L’ONU tient un discours triangulaire. Or pour le Mali, de bons appuis, c’est la garantie d’un jeu solide et régulier. Le voyage annoncé du Premier ministre pour New- York tiendra-t-il toutes ses promesses ? Disons le tout net : des sanctions sans intervention, c’est un baiser Lamourette. Tout nous porte à dire que l’ONU nous aide pour la photo de famille. Ils vont à l’ONU jusqu’à refuser cette sorte de concubinage avec la CEDEAO dans cette affaire du Nord du Mali. Devant la menace sourde et permanente d’une « terreur portée chez eux » dans ces pays qui se diraient prêts à nous porter assistance.

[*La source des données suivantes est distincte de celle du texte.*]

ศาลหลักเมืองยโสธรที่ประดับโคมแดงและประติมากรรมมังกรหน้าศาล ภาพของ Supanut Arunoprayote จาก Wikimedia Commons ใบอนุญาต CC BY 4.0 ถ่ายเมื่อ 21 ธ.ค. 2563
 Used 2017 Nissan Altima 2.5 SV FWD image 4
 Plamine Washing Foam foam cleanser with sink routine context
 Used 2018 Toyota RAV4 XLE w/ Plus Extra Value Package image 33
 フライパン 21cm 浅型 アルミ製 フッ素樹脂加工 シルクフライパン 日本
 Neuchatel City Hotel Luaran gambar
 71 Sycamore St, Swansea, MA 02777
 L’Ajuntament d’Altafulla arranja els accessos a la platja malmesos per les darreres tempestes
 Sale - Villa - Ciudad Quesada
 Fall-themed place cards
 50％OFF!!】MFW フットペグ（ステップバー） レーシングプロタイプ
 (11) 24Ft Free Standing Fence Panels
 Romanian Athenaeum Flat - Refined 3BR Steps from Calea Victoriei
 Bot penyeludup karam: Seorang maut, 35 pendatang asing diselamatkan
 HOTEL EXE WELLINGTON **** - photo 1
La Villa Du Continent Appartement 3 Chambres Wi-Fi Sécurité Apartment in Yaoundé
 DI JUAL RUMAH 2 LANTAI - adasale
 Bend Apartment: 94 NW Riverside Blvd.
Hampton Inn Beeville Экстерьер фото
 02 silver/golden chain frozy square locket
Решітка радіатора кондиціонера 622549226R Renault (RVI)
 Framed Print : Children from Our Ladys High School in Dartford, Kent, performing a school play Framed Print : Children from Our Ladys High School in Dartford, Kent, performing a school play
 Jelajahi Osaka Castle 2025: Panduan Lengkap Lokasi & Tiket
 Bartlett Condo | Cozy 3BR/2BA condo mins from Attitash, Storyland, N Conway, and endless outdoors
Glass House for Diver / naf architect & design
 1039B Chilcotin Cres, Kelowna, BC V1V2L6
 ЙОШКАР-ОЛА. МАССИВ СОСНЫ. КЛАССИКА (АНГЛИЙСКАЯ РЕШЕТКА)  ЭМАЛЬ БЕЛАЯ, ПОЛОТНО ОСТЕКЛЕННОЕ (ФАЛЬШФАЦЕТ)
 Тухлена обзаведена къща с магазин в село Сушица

Les islamistes, quant à eux, pourront continuer à dormir encore un temps dans le canapé d’un salon sahélien car l’ONU a l’air et la chanson.
Les jeunes ne s’en souviendront peut-être pas : c’est qu’au début de nos indépendances, à Bamako, un air populaire était fredonné ici à la suite de la composition d’un de nos meilleurs chansonniers d’alors. Le Congo-Léopoldville venait de perdre le grand homme, Patrice Lumumba, assassiné dans les conditions que l’on sait. Cette chanson dénonçait « l’honneur des gens de l’ONU, avec la complicité desquels la poudre de fusil fournie au lièvre avait pu tuer le grand éléphant… ». Cette chanson nous revient- elle en mémoire ? L’impression du jour : il semble qu’au moment où les Maliens font de la marche avant, les instances onusiennes sont dans la marche arrière. Et notre pays n’est pas encore sorti du pot au noir, nous voulons dire de cette sorte de dépression, nos querelles intestines au Sud s’enroulant en un nœud coulant autour de nos perspectives au Nord. Tout se passe donc comme si ces dernières semaines, on n’avait pas encore fait le constat de l’abandon « d’un Mali d’à côté… ». Qui miserait donc sur un vieux cheval de retour ? Les Maliens, bien sûr.
Naïveté et méthode Coué ne résolvent rien
Va-t-on rester longtemps encore « scotché » aux décisions onusiennes ? Qu’on ne pourra rien y faire ! L’avis n’est pas partagé si les Maliens sont à même d’ouvrir un œil ou de tendre une oreille. Nos anicroches avec l’ONU nous en font prendre pour notre grade. Voilà qu’on va jusqu’à dire qu’il existerait une sorte de « Mali bashing », comme le disent les Anglais, c’est-à-dire un dénigrement systématique sur nos capacités militaires de riposte dans les couloirs onusiens. La Maison Blanche, qui n’est pas loin de ce Palais de verre, laisse filer la rumeur et pointe son index « avertisseur » en direction et du Mali ; et de la CEDEAO. Mieux, assure-t-on, sans un Sud apaisé, avec un pouvoir conséquent non habillé de treillis, on douterait que le Mali puisse se hisser à ce niveau requis. Que nous apprend- on enfin pour ce qui est de l’utilisation d’une force d’intervention tout de suite ? Ceci, à savoir : « On vous avait prévenu, cela ne pouvait que déraper… ». Disons que si on avait pu se défendre tout seul dans cette affaire, on ne nous aurait rien demandé. Pourvu que ne vienne pas à s’installer cette idée qu’entre nos partenaires extérieurs et nous, nous faisons deux chemins opposés.
Le problème est que les décisions onusiennes conditionnent désormais notre quotidien et vont formater le comportement de nos négociateurs et autres diplomates. Pourquoi coopère-t-on ? Voilà une de ces questions de l’intergouvernementalité de nos relations multilatérales. Peut- on dire que les acteurs, de part et d’autre, sont soucieux de pédagogie dans la résolution de cette crise au Nord ? Quand on voit que les jeux des premiers l’emporteraient sur les règles. Les Etats sont souvent mal à l’aise avec l’ONU qui ronge leur puissance. Aujourd’hui, au Mali, on ne peut pas relayer toutes les colères et celles de nos populations du Nord qui sont de moins en moins représentées. Il y a de la résignation rageuse dans l’air. Le tango est une danse au corps à corps à nulle autre pareille. Celui qui mène la danse doit pouvoir faire attention au « mortel coup de pied » que sa partenaire peut faire semblant de lui donner.